Table 3. Error table of prediction results of the different models.

	KNN-BILSTM	CNN-LSTM	LSTM	GRU	KNN-LSTM	SVR
MAE	1.4677	1.6911	1.8035	1.8005	1.8916	6.4724
RMSE	1.7996	2.2335	2.3088	2.2129	2.3853	11.9097
MAPE	0.0343	0.0467	0.0795	0.0823	0.0992	0.1737

. It can be seen that the model used in this study has the best predictive effect, and the SVR model has the worst fitting effect. The MAE index was compared with CNN-LSTM, KNN-LSTM, LSTM, GRU, SVR, and other models with improved performance of 13%, 22%, 19%, 18%, and 77%, respectively. In terms of running time, the SVR model takes the least amount of time, but its effect is the worst, indicating the shortcomings of SVR in predicting and processing high-dimensional data. Comparing CNN-LSTM, KNN-LSTM, and the model in this paper, although KNN-LSTM is superior to the model in this paper in running time and has fast convergence speed because it can only carry out one-way propagation in LSTM model training, the result is 22% different from the BILSTM model with 2-way propagation. Among them, the prediction effect of the LSTM model and the GRU model is close, and the GRU model is superior to the LSTM model in convergence speed and has fast convergence speed; however, the prediction performance of this model is still 18%, so the superior training speed can not make up for the performance gap, so the overall performance of this model is better than the listed comparison model.

5. Conclusions

In this study, the KNN-BILSTM combined model is used to predict the traffic flow of expressway sections. Considering the spatio-temporal characteristics of traffic flow data, the KNN model is selected to check the spatial correlation of the detection points of the road section. By selecting different K values, the correlation between the detection points of the target road section is sorted, and the two-way propagation characteristics of the BILSTM model are used to fully consider the change law of forward and backward traffic flow. When analyzing the time series of road section detection points, the effect is better than the LSTM model that only considers forward propagation. Sequence training and obtained prediction results are compared with SVR, LSTM, GRU, KNN-LSTM, and CNN-LSTM models. The experimental results prove that the model proposed in this study has good prediction accuracy. In this study, by predicting the traffic flow of expressways, managers can obtain effective information in a short time and control and guide traffic conditions promptly, thereby effectively alleviating traffic congestion.
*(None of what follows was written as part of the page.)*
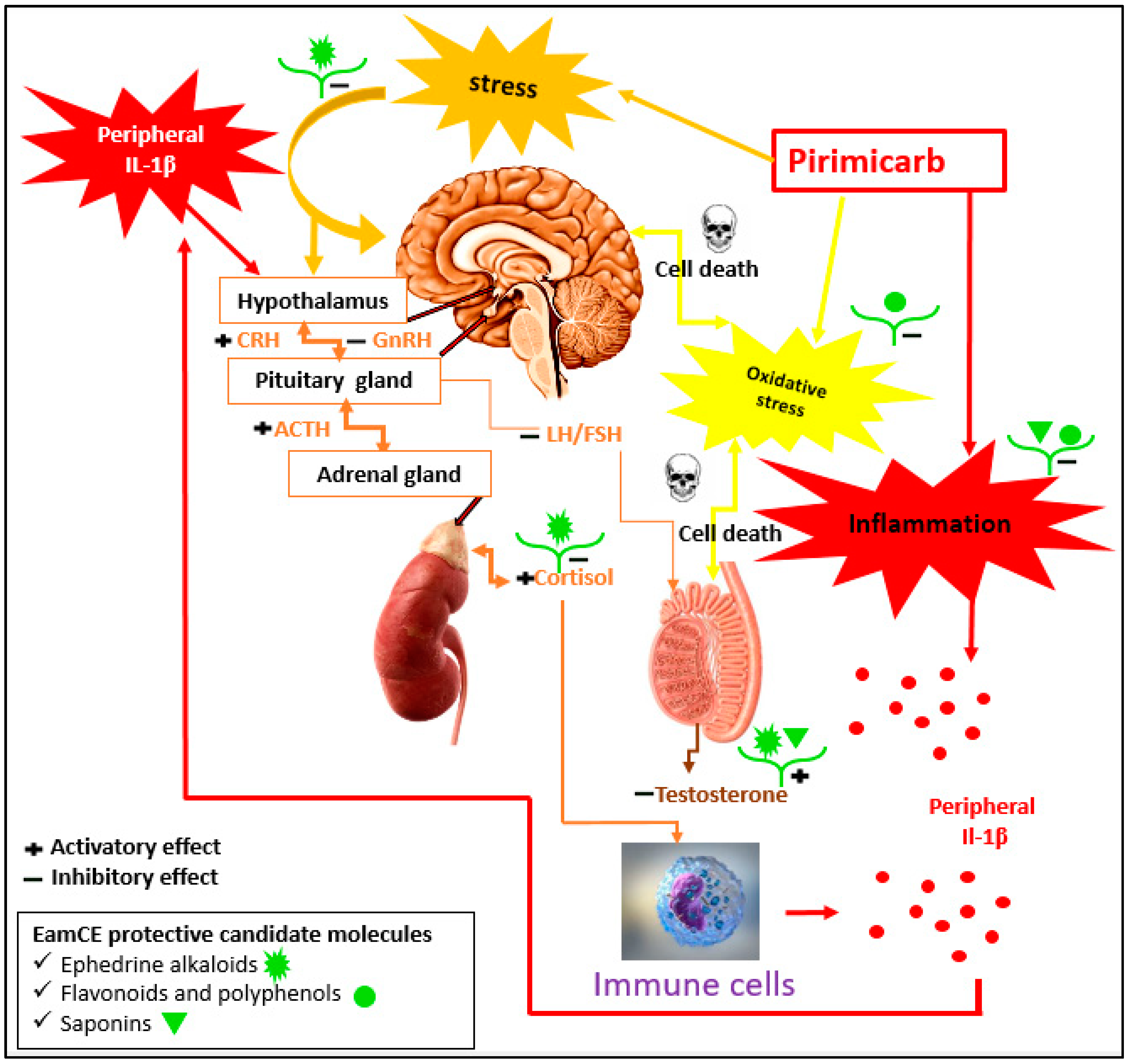 Pharmaceuticals 16 00402 g012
As a time series prediction model, the model is also applicable to other time series traffic forecasts, such as urban taxi traffic forecasts and subway crowd traffic forecasts.
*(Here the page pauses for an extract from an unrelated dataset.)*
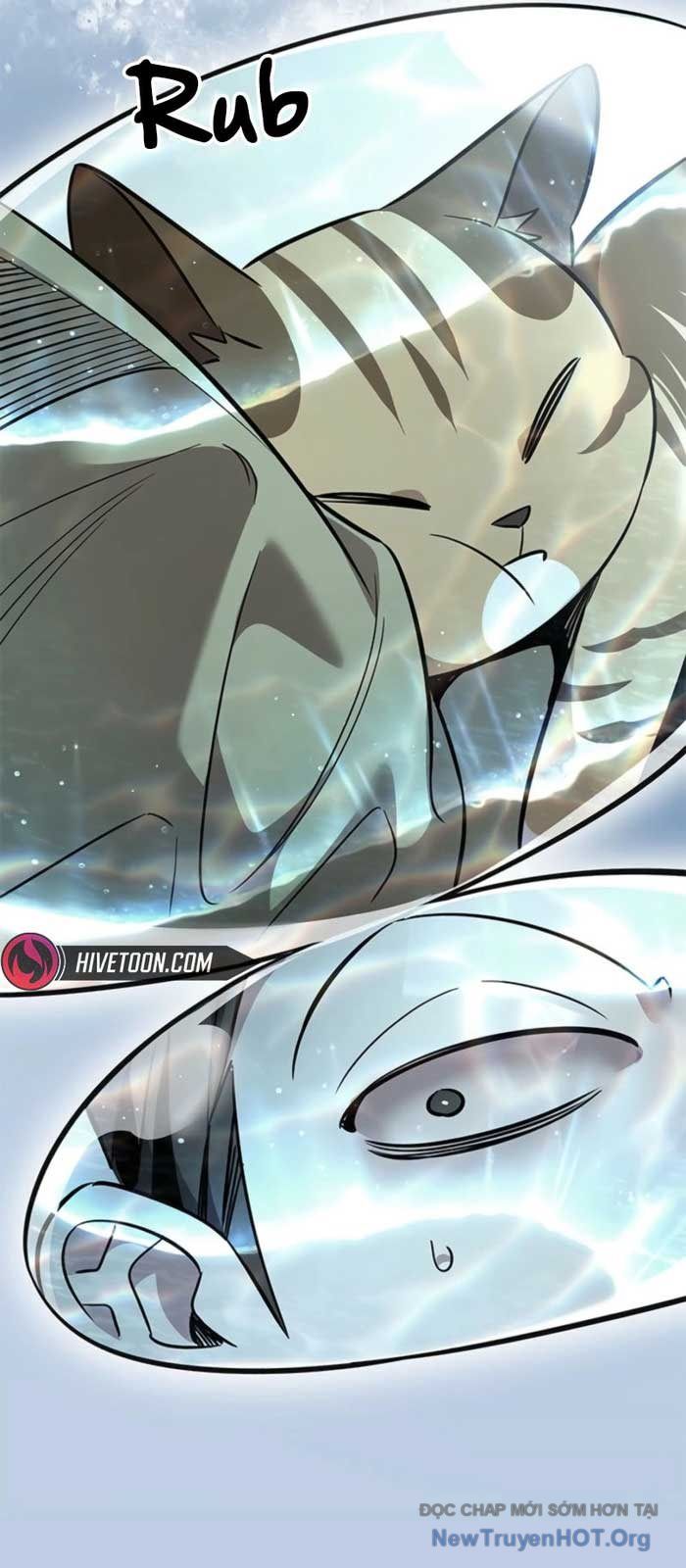 Hoá Thân Thành Mèo Chapter 368 - 70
Although the prediction effect of the model proposed in this paper is good, it also has some limitations. First of all, the prediction target of this paper is only single-feature prediction, and the impact analysis of weather factors and traffic accidents is lacking. Second, the model in this paper still predicts using Euclidean spatial data, and in the actual traffic scene, non-European spatial data prediction may be closer to life. Therefore, in future research work, we will add other influencing factors of traffic flow to predict the first problem to make the model better. Weather factors, traffic speed, road blockage, and other factors will make the prediction problem more complex and accurate. For the second problem, we will consider using a new model to predict the traffic flow of non-European spatial data, such as a graph convolution neural network. Therefore, we plan to propose a model that can accurately deal with data lost due to influencing factors.